**Prompt:**
Within the records below, find the line with "Hi everyone, today" and the line with "And you see", then reproduce exactly those two lines and all lines between them, without any picture.

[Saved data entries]
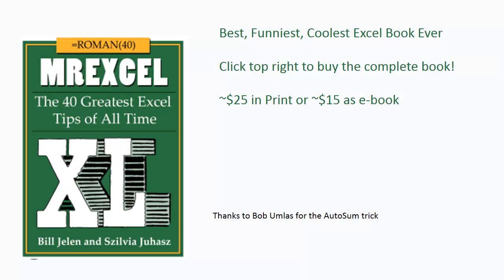If you're liking these books, there are many more tips like these that you can get by the book, click that I in the top right hand corner. Thanks to Bob Umlas for the AutoSum trick, he wrote that in one of his Excel Outside the Box books. I want to thank you for stopping by, we'll see you next time for another netcast from MrExcel.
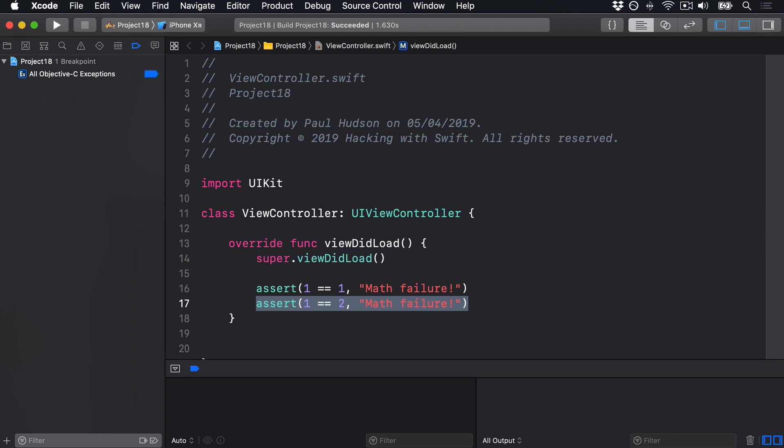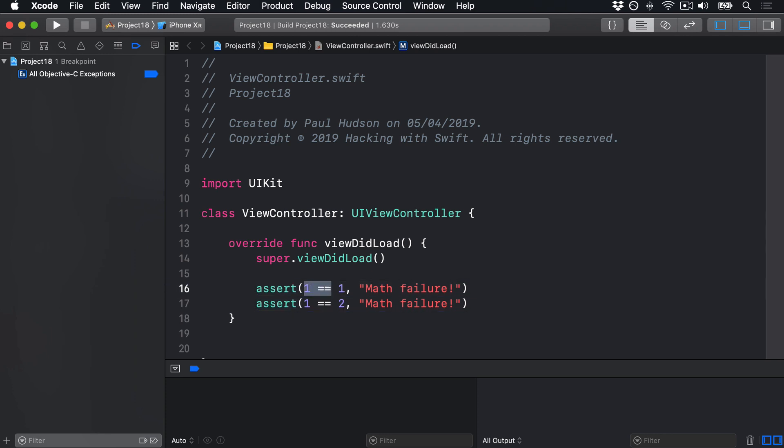As you can see, each call to assert takes two parameters, something to check, in our case one is equal to one or one is equal to two, plus a message to print if the check fails. So if the check evaluates to false, your app is forced to crash because you know it's not in a safe state, and you'll see the error message in your debug console.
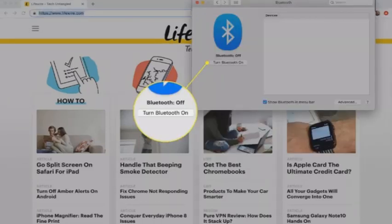In the Bluetooth Preferences, click Turn Bluetooth on. Leave this window open.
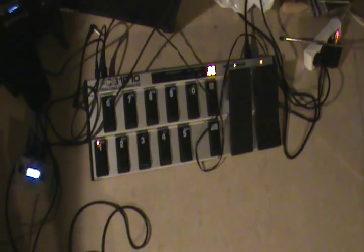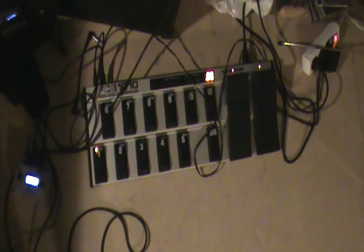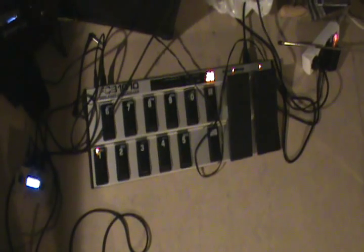Okay. This is the Behringer FCB1010 MIDI foot controller, which is used to control the Whammy Whammer, which in turn is used to control the Digitech Whammy. So this is all about MIDI connections.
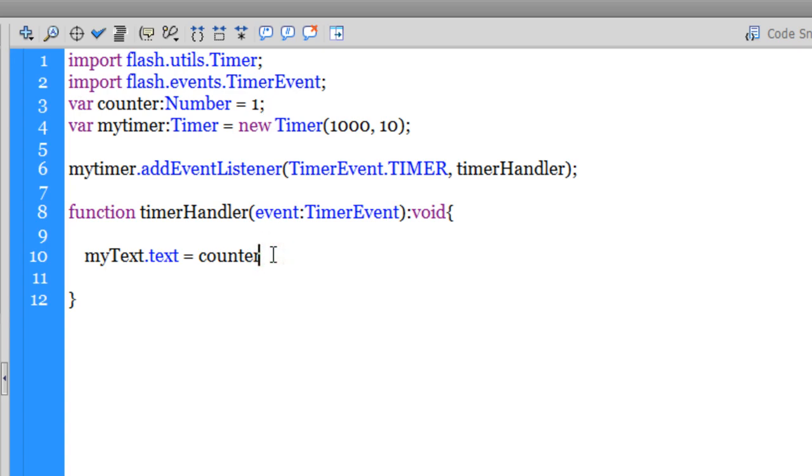I'm going to say is equal to counter plus an empty string. I'll tell you why. Counter is a number. I cannot put a number inside a text field unless and until I add a string to it. Once you add a number and a string together, it actually becomes a string, then you can put it inside a text field using the text property.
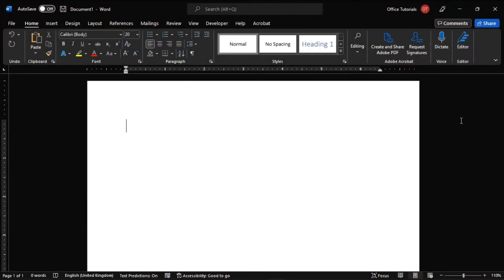The Dictation feature lets you use speech-to-text to author content in Office with a microphone and reliable internet connection. This is a quick and easy way to get your thoughts out, create drafts or outlines, and capture notes.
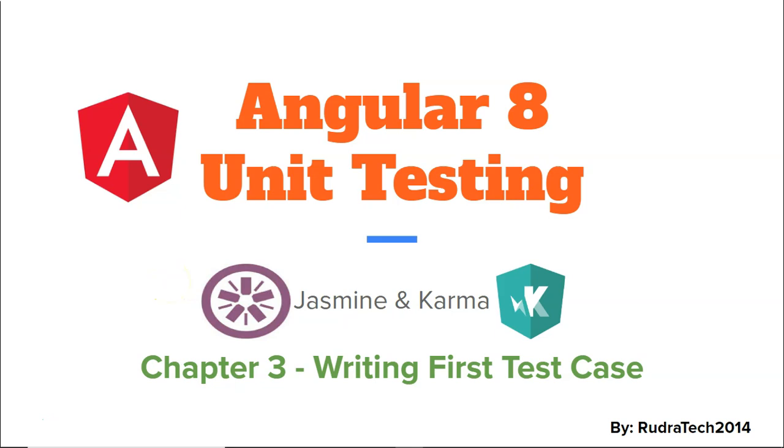Hey guys, welcome to Rudra Tech tutorial and in this chapter of Angular 8 unit testing with Jasmine and Karma, we are going to write our first test case.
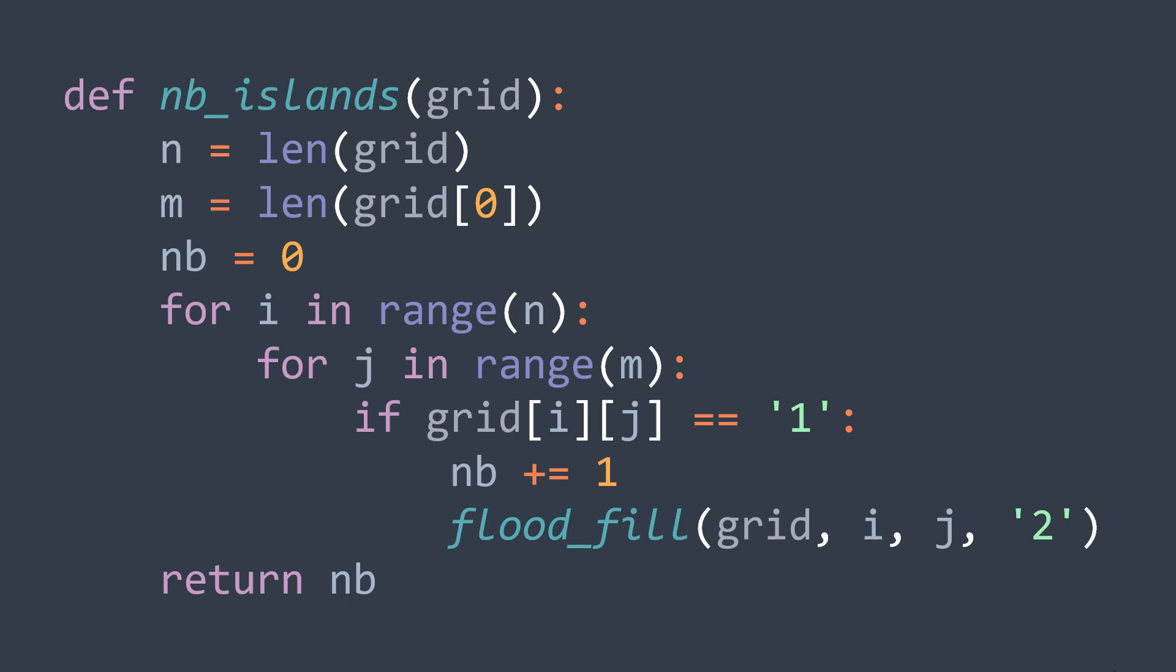By giving them the value two. Note that we can choose a value that is different from two, it just has to be different from one. After the loop, we just return the counter.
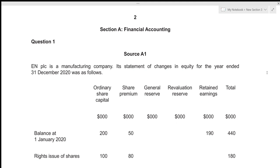Hi everyone, today we'll be going over Accounts October/November 2021 Paper 31 Question 1. This is a structured paper consisting of six questions, each of 25 marks, with a time limit of three hours. We'll attempt to solve each question under 30 minutes. Question 1 is from Section A, which relates to financial accounting. Let's get started.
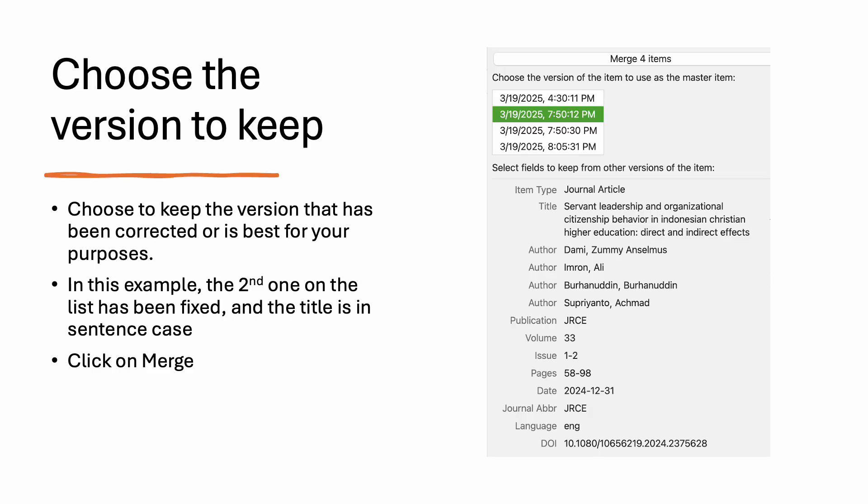In this example, the second one on the list has been fixed and the title is in sentence case. Click on Merge.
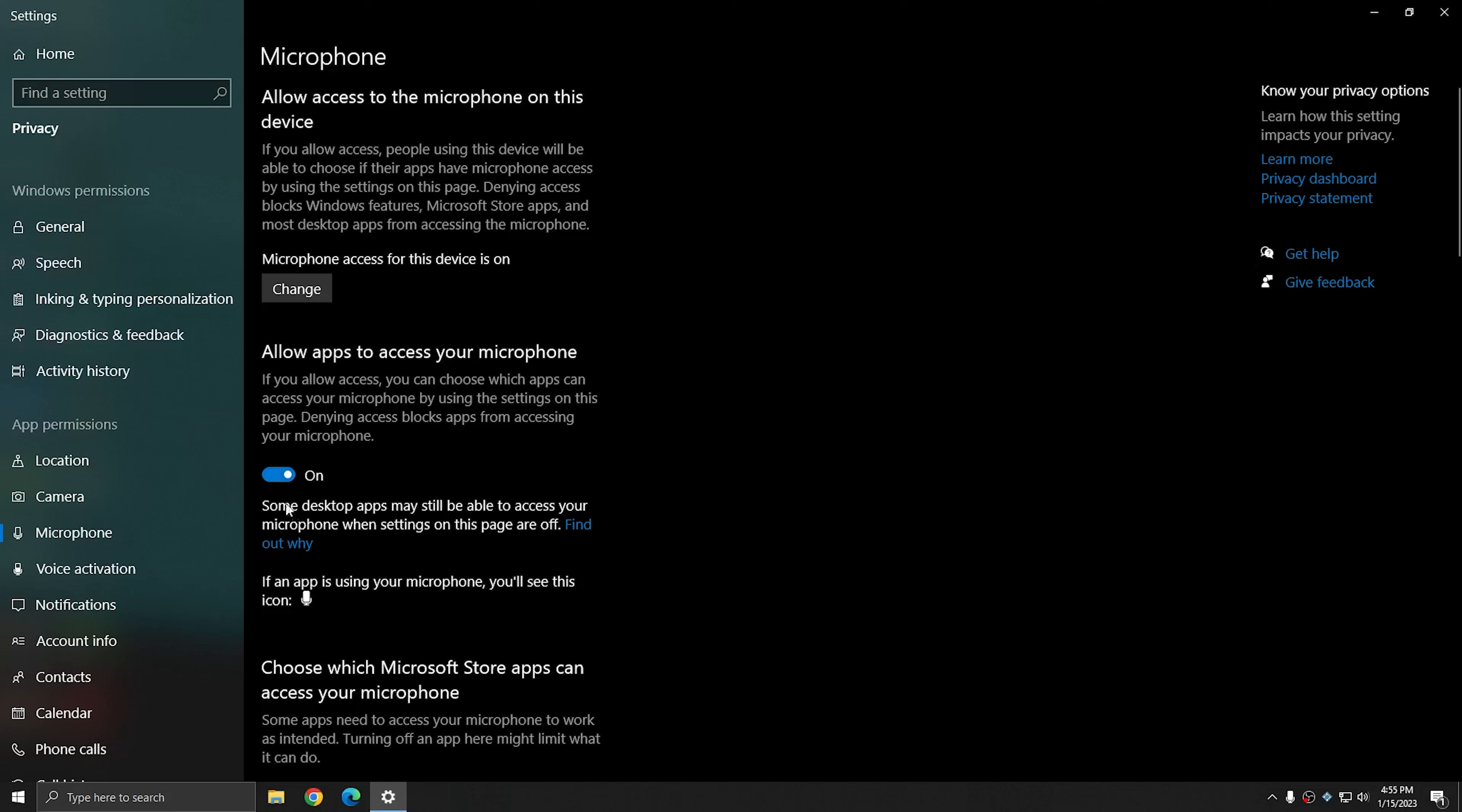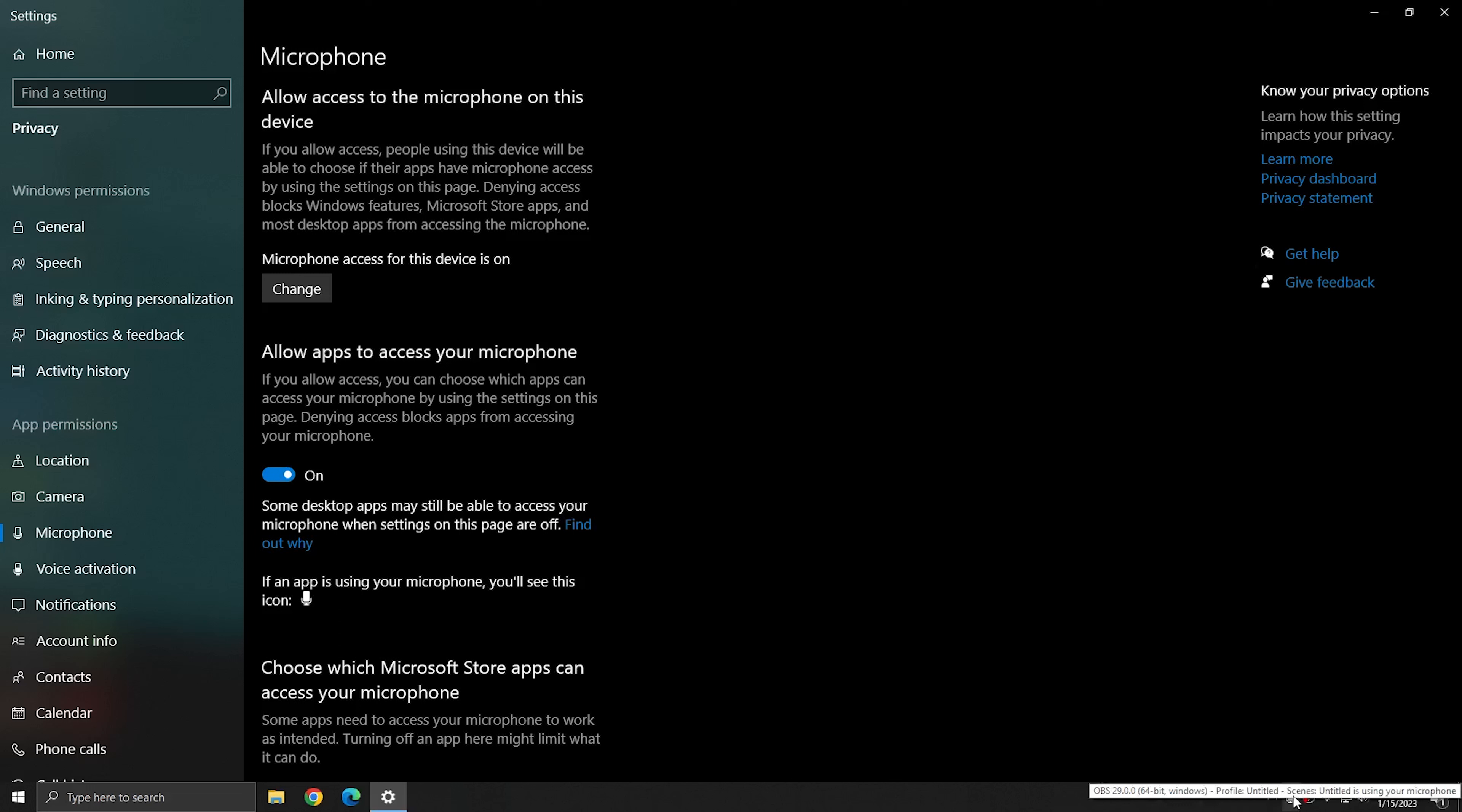And you see that here, it says that if an app is using your microphone, you'll see this icon. And that icon will be reflected in the bottom right hand corner of your screen. And so here you see that if I hover over the microphone icon, it tells me that OBS is using my microphone right now.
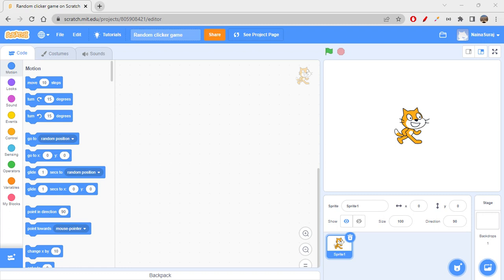Hi folks, how are we all doing today? It's time to create another game. So far we have been creating stories, we have created a few animations, and of course we have created a game too. Today we are again creating another game. This is gonna be fun - I really completely enjoyed this game because it is very simple and fun.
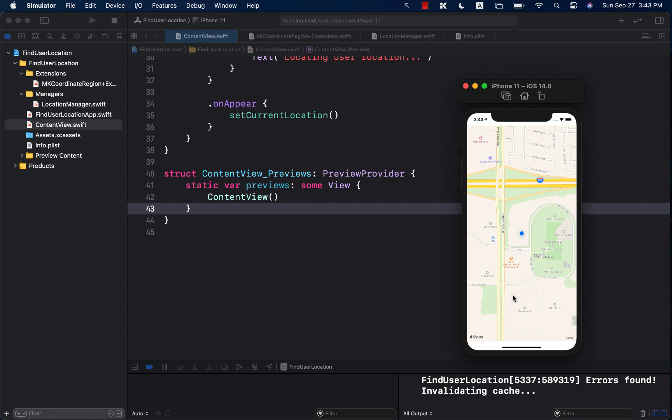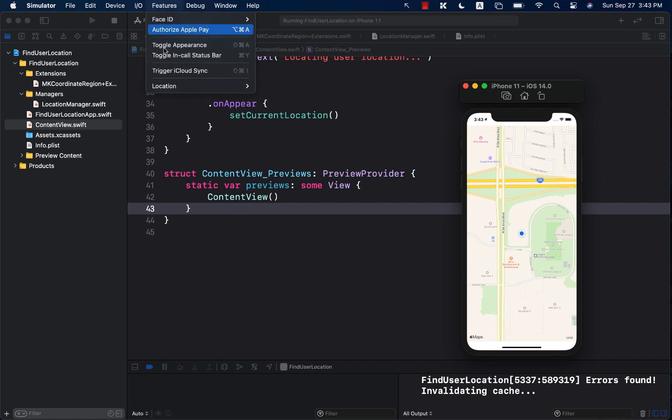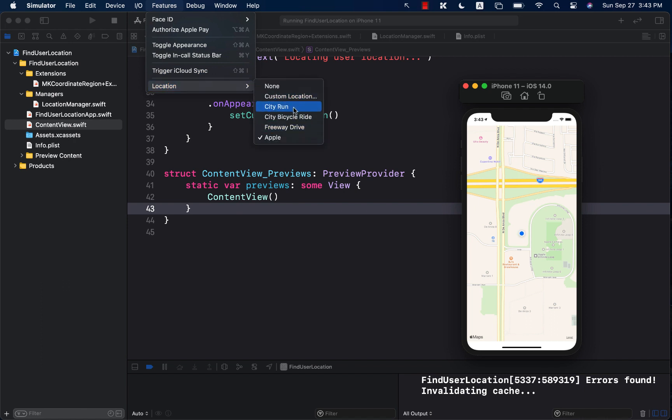Obviously this is a simulator so it's simulating that I'm currently at Apple campus which I'm not, but you can simulate different things from going to location, providing a custom location, running path, bicycle path, freeway drive or none.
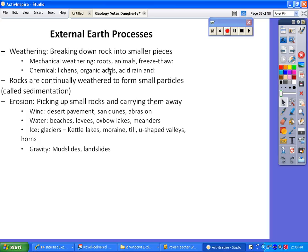Rocks are continually weathered to form smaller particles, and this process is called sedimentation. Then we have another process called erosion that takes these small sediments and moves them elsewhere — picking up small sediments, carrying them away, moving them somewhere else. We'll go through many examples. You have erosion by wind, and we'll look at something called desert pavement. Sand dunes are created through wind erosion.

**Answer for the task:**
Hi everyone, today we'll be going over Accounts October/November 2021 Paper 31 Question 1. This is a structured paper consisting of six questions, each of 25 marks, with a time limit of three hours. We'll attempt to solve each question under 30 minutes. Question 1 is from Section A, which relates to financial accounting. Let's get started.
In this example, the second one on the list has been fixed and the title is in sentence case. Click on Merge.
And you see that here, it says that if an app is using your microphone, you'll see this icon. And that icon will be reflected in the bottom right hand corner of your screen. And so here you see that if I hover over the microphone icon, it tells me that OBS is using my microphone right now.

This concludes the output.